Editor----A recent press release from the shores of Great Britain, by a company in the liquor business, maintains the cocktail boom in Britain is seriously underestimated. So what is the boom and how is it so major that it is said to be so?
According to Cellar Trends, it is said that cocktail drinking in the UK is increasing, with folks turning from wine and beer to Pina Coladas, Mojitos and Cosmopolitans. It has been reported by Cellar Trends that cocktail drinking is four or five times more widespread than thought previously. The company expects the trend to continue.

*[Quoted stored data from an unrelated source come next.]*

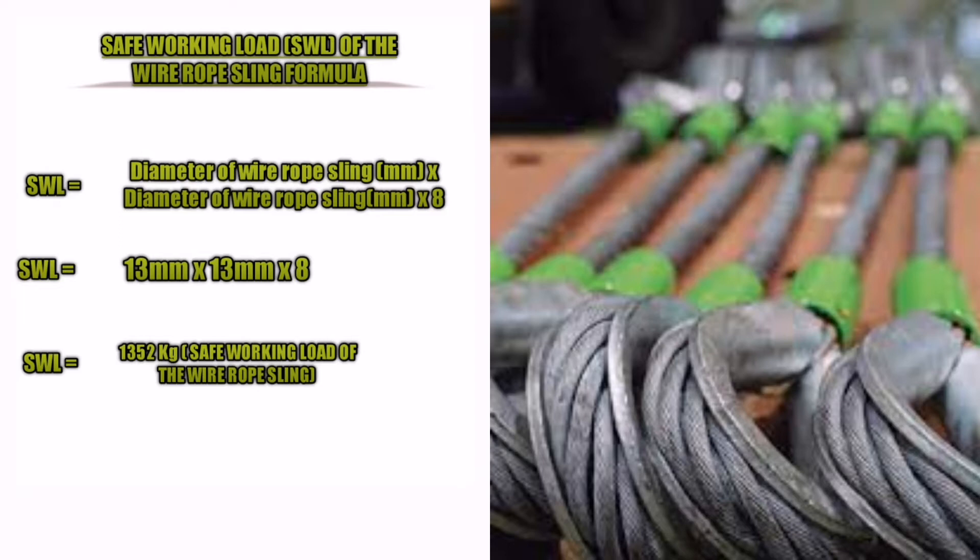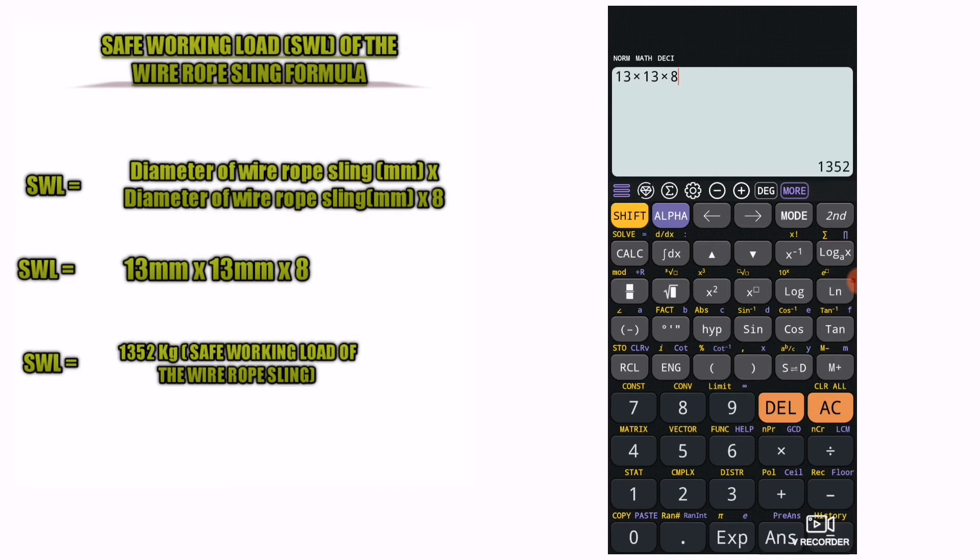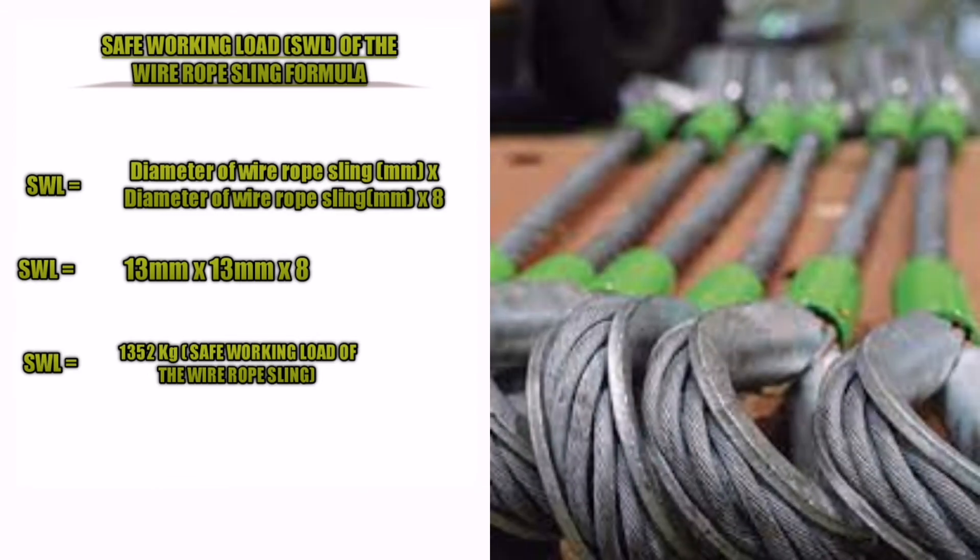Example: how to use the SWL formula. Our given is the diameter of wire rope sling equals 13 millimeters. We need to find the safe working load. Substituting the given: SWL = 13mm × 13mm × 8. Safe working load or SWL equals 1352 kilograms.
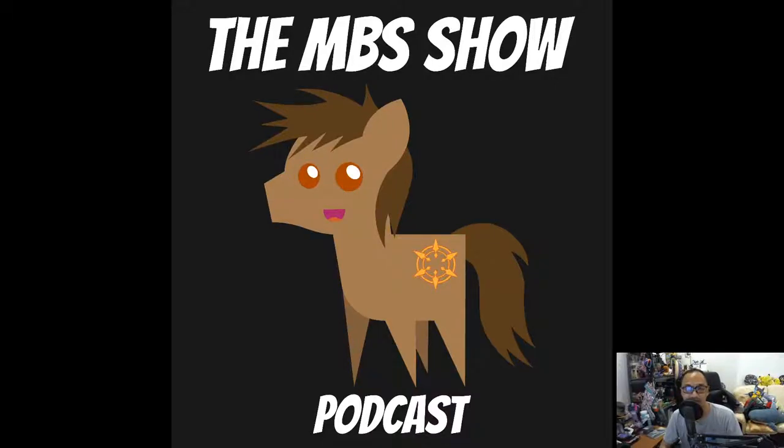Hello and welcome to the MBS Show, episode number 410. I am your host, Norman Sanzo, and this week we have some news. Before I proceed to the news, we got some real-life news going about with the COVID-19 situation and everyone being forced to stay at home — hashtag stay at home.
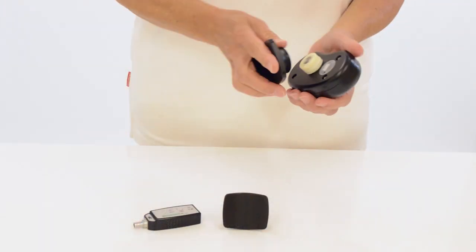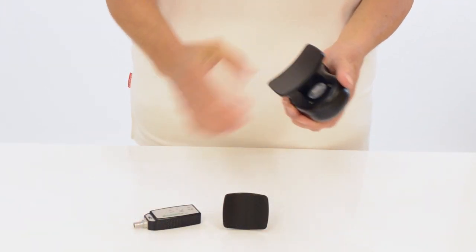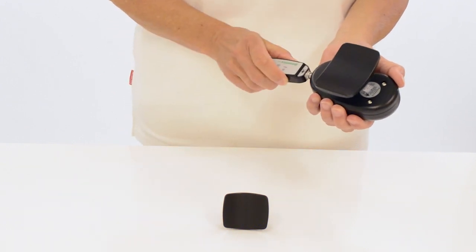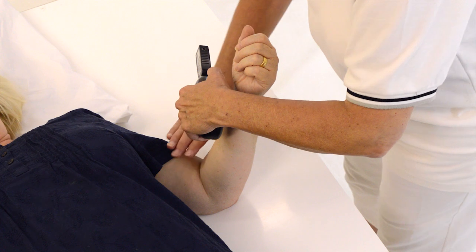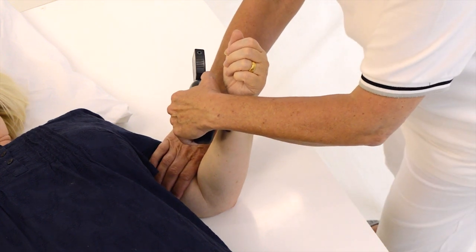The e-link myometer comfortably fits in the hand and the curved anvil is simply placed against the body part to be tested, distal from the axis of movement. The body part is stabilized and held in the desired starting position.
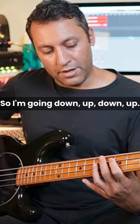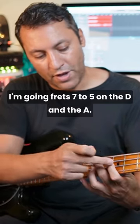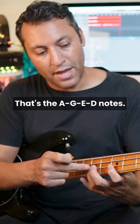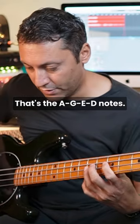I'm going down-up, down-up — frets seven and five on the D and the A string. That's the A, G, E, D notes.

The research referred to by Cellar Trends maintains that cocktails “present a challenge to some outlets such as pubs which are newcomers to coctails and may lack experienced staff. The need to serve simple consistent cocktails will drive sales of pre-mixed cocktails by around 15% a year over the next five years.”
Terry Barker, Director of Marketing at Cellar Trends, says: “The size and growth of cocktails has been seriously underestimated. Cocktails are now asked for and served in pubs up and down the land where previously it would have been thought too sophisticated.. Cocktails have opened opportunities for pubs to find new drinks income.
He adds: “Curiously restaurants seem slow to take up cocktails – it seems a natural extension for them to serve cocktails as aperitifs and after dinner.”
In May 2013 The Guardian underlined Great Britain's drinking problem with the following introduction, the expanded into the specific details of it. But here is the beginning summation The Guardian used to underline the issue: “Britain has a booze problem. No news there. Mankind has always liked a tipple. The Old Testament, after all, has Noah passing out drunk. Midas, the ancient king of Phrygia, liked the sauce so much he took his drinking vessels to the grave with him. Shakespeare has Falstaff extolling wine's "curdy vapours" and its "nimble fiery" that so warms the blood.
So what's the problem? Nothing. Excessive alcohol consumption is fine – just as long as you don't mind potentially curtailing your life through liver damage, hepatitis, osteoporosis, or a host of other possible maladies. Oh, and best ignore the costs to family life, plus the burden on public health and social services too.
This all sounds very dramatic, until you take a look at the facts.”
And one of those facts is that the drinking problem is likely to continue, as The Guardian observes how bingeing is a problem among youth and Brits denying there is a problem at all with alcohol.
So as the liquor industry celebrates expansion of its product, the fact of alcohol consumption highlighted as a problem on the one hand and celebrated on the other remains a facet of what Britons face with the subject of booze.